Question (Goldman Sachs):
Optical grew about 20% in the quarter, but the full-year 2026 guidance is only 10–12%. Is this caution, given that order momentum and the AI share are strong?

Answer (Justin Hotard):
Optical grew 17% in Q4. The 10–12% guidance covers the IP and Optical businesses combined. The baseline is still telco-heavy (about 70/30). Nokia is building growth from this base and scaling production. The guidance reflects discipline and predictability, not a view of weak demand.

Question (Arete):
CapEx is rising to €900 million – €1 billion. Is this based on orders already visible, or will it require new wins from hyperscalers?

Answer (Justin Hotard):
CapEx investments in optical and semiconductor manufacturing are based on long-term market trends. Returns are not realized within a single year. Investment decisions rely on long-term confidence in the market and visible demand.

Question (Raymond James):
What is Nokia’s position in Scale-Across projects and how is the market evolving?

Answer (Justin Hotard):
Scale-Across is seen as part of the long-term optical demand. The market is undergoing a transition from 400G to 800G, and in the future, 1.6T and 3.2T. Scale-Across supports these transitions. Routing benefits from this development, and Nokia is working closely with customers to scale production.

Question (SEB):
Are there any supply issues limiting optical growth?

Answer (Justin Hotard):
There have been constant bottlenecks in AI infrastructure (power, compute, memory, connectivity). There are also constraints in optics, which is typical at this scale. Nokia is investing in both its own capacity and the ecosystem.

Question (DNB Carnegie):
Is capacity already fully utilized and how aggressively is Nokia investing?

Answer (Justin Hotard):
Nokia has an existing InP fab in California and a new fab coming online later this year. The new capacity will mainly support demand in 2027. InP and photonic integrated circuits (PIC) are at the core of Nokia’s technology. Increasing capacity in optics is a smaller investment than in the traditional semiconductor industry.

Question (BNP Paribas):
How will margins evolve during the year?

Answer (Marco Wirén):
New product launches will weigh on margins in the first half of the year. An improvement is expected in the second half as production scales up.

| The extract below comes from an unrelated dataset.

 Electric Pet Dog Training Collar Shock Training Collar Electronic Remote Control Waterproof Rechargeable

Summing up the analysts’ questions, their focus is clearly on optical and IP networks. And Nokia was very bullish in their commentary. I suspect expectations will shift quite a bit toward 2027 when their own production capacity increases 10x compared to before—specifically InP and PIC.

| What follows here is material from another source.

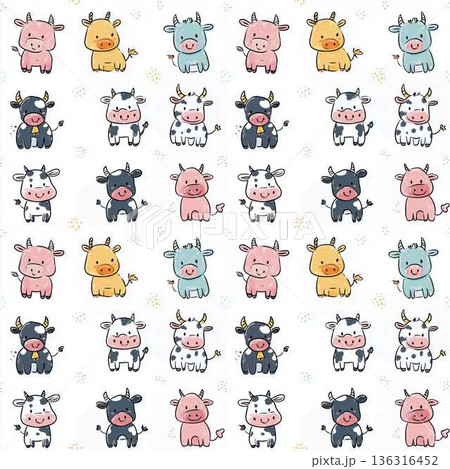 Seamless Pattern Cute Comic Farm Animals with Happy Expressions for Kids Nursery Decor 136316452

Something in Nokia’s views has changed since the CMD. Back then, the talk was that their own factories were likely a good decision, and they were fairly confident in this investment. Now, in my opinion, they were more certain—stating that these are at the core of Nokia’s technology and a new factory is needed to meet demand. Clearly, they have more information now. And in my view, reading between the lines, this will start to develop positively toward the end of the year—and above all, during 2027. This point surely became clear to every analyst. It seems a bit like 2026 is a “bridge year” where heavy investments are made for the future, and in 2027, they will increasingly begin to reap the rewards of the work done. I’m still not sure if Nvidia is a customer for Nokia’s InP or ICE-D—though it would be the most logical scenario. But it became clear now that demand will emerge in that area.

So, I think it would be quite bold for analysts to start betting against Nokia, considering the very large valuation discount compared to peers—and yes, even considering that 50% might be the (at least for now) low-margin Mobile side. It seems a bit like those who are critical in their comments are still looking at Nokia through “Mobile lenses”—now would be the opportunity to start looking more through “Infra lenses.”